Robinson's Arch - remains of the entrance built by Herod to the Royal Colonade
Robinson's Arch - remains of the entrance built by Herod to the Royal Colonade
A model of the Temp's Southern wall - the Royal Colonade
A model of the Temp's Southern wall - the Royal Colonade

Herod's Temple was one of the biggest construction projects of the first century BC, comparable to some of the seven wonders of the world.

Herod was interested in perpetuating his name for all eternity through building projects, and his construction program was extensive. He had magnificent palaces in Masada, Caesaria and Tiberias. Herod built temples for various pagan gods to serve the gentile populations, which were paid for by heavy taxes on the local Jewish population.[1]

But his masterpiece was to be the Temple of Jeruselem. The old temple, built by Zerubbabel nearly half a millennium before, despite frequent renovation, most notably by the Maccabees in the century before, was still run down and rather small. (The precinct at the beginning of the Second Temple period is said to have been 50 meters by 150 meters, an area comparable to or smaller than an American city block.)[citation needed] So in 20 BCE, Herod announced that the old temple would be torn down and replaced with something truly magnificent. The Cohanim, or Jewish priesthood, as well as the rest of the population, were skeptical, requiring Herod to quarry all the stones required for the project before the deconstruction of the Post-Exile structure could begin.

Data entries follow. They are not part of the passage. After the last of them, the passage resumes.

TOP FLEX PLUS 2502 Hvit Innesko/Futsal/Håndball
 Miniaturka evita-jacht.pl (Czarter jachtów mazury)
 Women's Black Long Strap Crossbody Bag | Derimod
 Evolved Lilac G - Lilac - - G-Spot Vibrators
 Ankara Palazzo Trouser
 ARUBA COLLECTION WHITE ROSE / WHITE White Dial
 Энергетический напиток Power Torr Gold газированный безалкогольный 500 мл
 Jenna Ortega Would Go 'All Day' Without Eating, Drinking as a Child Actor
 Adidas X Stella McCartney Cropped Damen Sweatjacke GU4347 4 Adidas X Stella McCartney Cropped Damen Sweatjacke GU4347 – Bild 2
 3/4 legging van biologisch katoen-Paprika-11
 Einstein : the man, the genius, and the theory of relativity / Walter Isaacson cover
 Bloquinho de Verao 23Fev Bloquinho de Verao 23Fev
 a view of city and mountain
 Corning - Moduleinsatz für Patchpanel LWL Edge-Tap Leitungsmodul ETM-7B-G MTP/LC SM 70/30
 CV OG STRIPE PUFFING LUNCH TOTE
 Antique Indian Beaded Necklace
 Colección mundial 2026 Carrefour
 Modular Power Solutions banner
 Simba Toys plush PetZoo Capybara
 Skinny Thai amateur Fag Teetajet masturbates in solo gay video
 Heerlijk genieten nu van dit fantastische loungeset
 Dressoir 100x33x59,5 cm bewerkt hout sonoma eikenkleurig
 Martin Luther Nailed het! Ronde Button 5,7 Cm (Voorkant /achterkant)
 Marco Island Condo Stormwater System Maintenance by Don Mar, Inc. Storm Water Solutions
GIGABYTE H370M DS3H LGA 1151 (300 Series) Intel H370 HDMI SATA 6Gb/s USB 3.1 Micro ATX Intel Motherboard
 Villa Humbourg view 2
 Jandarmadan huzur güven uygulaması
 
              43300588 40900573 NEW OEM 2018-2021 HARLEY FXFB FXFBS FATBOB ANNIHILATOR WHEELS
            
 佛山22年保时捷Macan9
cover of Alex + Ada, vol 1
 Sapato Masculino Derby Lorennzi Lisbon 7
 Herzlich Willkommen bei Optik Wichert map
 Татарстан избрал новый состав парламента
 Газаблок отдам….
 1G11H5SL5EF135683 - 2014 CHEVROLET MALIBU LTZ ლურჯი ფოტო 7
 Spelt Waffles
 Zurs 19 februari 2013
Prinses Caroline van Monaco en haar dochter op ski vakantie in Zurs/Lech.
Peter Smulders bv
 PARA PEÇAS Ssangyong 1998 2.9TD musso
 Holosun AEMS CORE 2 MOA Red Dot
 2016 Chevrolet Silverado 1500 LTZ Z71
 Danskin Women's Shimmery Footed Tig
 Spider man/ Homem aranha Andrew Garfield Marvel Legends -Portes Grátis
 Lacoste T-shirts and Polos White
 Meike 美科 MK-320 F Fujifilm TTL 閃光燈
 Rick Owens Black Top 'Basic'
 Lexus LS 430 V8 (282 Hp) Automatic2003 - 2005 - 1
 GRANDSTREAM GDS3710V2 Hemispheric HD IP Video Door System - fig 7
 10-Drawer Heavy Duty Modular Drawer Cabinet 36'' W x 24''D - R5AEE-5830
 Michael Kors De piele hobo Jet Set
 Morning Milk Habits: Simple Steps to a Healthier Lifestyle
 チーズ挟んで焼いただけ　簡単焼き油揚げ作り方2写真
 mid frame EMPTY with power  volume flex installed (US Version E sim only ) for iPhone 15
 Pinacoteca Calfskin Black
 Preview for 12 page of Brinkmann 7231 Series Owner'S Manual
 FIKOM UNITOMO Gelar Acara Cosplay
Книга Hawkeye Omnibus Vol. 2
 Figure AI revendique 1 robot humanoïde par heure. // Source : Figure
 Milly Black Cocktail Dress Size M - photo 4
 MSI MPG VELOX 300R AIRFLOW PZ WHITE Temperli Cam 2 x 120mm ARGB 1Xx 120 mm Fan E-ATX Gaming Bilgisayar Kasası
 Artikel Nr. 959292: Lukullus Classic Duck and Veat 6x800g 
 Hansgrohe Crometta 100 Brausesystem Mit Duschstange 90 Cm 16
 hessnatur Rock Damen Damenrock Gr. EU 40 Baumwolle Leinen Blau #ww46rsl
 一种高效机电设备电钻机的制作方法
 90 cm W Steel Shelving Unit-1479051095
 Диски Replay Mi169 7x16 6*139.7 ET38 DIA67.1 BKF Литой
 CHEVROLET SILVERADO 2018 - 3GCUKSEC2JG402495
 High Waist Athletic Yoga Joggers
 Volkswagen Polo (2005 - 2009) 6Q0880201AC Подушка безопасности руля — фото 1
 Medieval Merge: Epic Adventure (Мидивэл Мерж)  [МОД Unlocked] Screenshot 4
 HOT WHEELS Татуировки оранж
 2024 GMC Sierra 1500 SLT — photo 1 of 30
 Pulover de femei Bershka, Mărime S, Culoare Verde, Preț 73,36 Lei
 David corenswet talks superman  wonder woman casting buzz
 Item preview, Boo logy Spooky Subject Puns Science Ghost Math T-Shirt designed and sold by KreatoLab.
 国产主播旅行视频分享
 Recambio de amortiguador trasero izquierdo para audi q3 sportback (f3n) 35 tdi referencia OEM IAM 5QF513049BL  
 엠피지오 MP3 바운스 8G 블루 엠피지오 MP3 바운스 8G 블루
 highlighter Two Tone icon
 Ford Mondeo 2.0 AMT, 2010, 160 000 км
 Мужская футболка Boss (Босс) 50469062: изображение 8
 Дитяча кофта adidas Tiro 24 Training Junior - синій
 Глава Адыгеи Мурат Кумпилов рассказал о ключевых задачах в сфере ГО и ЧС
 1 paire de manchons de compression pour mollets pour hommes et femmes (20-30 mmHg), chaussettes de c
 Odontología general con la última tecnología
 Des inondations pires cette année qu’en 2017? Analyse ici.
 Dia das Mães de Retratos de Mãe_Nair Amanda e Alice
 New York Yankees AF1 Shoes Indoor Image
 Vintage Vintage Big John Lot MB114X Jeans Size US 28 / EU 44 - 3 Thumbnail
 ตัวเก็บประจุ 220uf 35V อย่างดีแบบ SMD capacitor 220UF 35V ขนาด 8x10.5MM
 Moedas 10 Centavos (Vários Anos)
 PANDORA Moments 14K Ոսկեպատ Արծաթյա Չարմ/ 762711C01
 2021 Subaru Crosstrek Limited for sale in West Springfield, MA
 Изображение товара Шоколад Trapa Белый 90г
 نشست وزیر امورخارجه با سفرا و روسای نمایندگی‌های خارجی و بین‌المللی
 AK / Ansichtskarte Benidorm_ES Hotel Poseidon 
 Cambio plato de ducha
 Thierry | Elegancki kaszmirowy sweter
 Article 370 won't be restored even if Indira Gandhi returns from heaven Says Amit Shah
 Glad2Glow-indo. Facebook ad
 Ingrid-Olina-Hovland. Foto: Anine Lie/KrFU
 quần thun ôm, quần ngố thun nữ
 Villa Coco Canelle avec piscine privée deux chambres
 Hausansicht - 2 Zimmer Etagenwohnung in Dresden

An agreement was made between Herod and the Jews--the sacrificial rituals, called korbanot, were to be continued unabated for the entire time of construction, and the Temple itself would be constructed by the Cohanim.

Mt. Moriah had a plateau at the northern end, and steeply declined on the southern slope. It was Herod's plan that the entire mountain be turned into a giant square platform. To do this, a trench was dug around the mountain, and huge stone "bricks" were laid--the largest measuring 44.6 feet by 11 feet and weighing 628 tons[2], while most were in the range of 2.5 by 3.5 by 15 feet. It is believed that the stones were transported from the quarry on specialized carts. As the mountainside began to rise, the western side was carved away to a vertical wall and bricks were carved to create a virtual continuation of the brick face, which was continued for a while until the northern slope reached ground level. Part of the Antonian hill to the north of Moriah was annexed to the complex and the area between was filled up with landfill.

The Southern wall was designed as a grand entrance. Recent archeological digs have found thousands of "Mikvas" (ceremonial bathtubs) for the ritual purification of the worshippers, as well as the grand stairway leading to the now blocked entrance. [Karen Armstrong, in her book on Jeruselem, complains bitterly of these excavations].[3]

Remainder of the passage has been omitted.